Credits: REUTERS/Gary Hershorn

QMI AGENCY

TORONTO — Canadians will get their chance to say so long to Linc.

Lincoln Alexander, Ontario's 24th lieutenant-governor, Canada's first black MP and cabinet minister, will be honoured during a week of tributes starting Sunday at Queen's Park in Toronto and culminating in a state funeral Friday in Hamilton, Ont.

Alexander, whose death at age 90 was announced last Friday, will lie in state in the lobby of the main legislative building.

Around 12:30 p.m., Sunday, Alexander will arrive accompanied by his wife Marni and members of the family where they will be greeted by Lt.-Gov. David Onley and Ontario Premier Dalton McGuinty. Other dignitaries and invited guests will pay their respects through the afternoon until members of the public are welcomed between 5 p.m. and 8 p.m.

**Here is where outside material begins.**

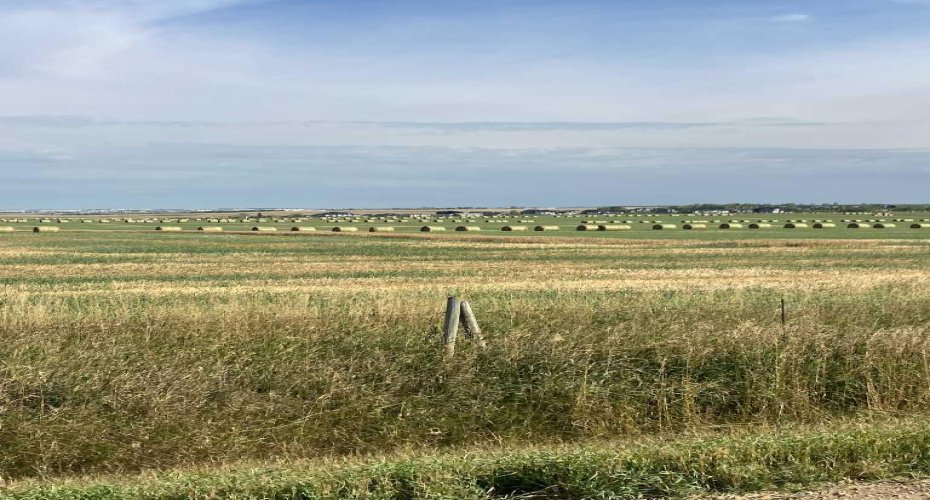 Range RD 14 Road 14, Rural Rocky View County, Alberta T4B 2T3, ,Land,For Sale,Road 14,A2202556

The public will again be allowed to pay their respects between 8 a.m. and 8 p.m. on Monday.

He will then lie in repose at Hamilton City Hall -- a city he represented as an MP for 11 years -- from Tuesday to Thursday with the public being invited to pay their respects between 8 a.m. and 8 p.m. each day.

The state funeral is scheduled for Friday at Hamilton Place. Further details will be released later in the week.

Alexander, the son of a railway porter from St. Vincent and a mother from Jamaica, was born and raised in Toronto.

"I was born in 1922, at a time when blacks weren't recognized and when people thought blacks were born to be servants and porters," Alexander told Sun Media on his 85th birthday.

He served in the RCAF in the Second World War and graduated from Toronto's Osgoode Law School in 1953.

He was recruited by Progressive Conservative leader John Diefenbaker to run in the 1965 election but didn't win a seat until the next election three years later.

Them prime minister Brian Mulroney named him Ontario lieutenant-governor in 1985, a position he held until 1991.

He remained active in later years and was a figure often seen around Queen's Park and working charitable causes.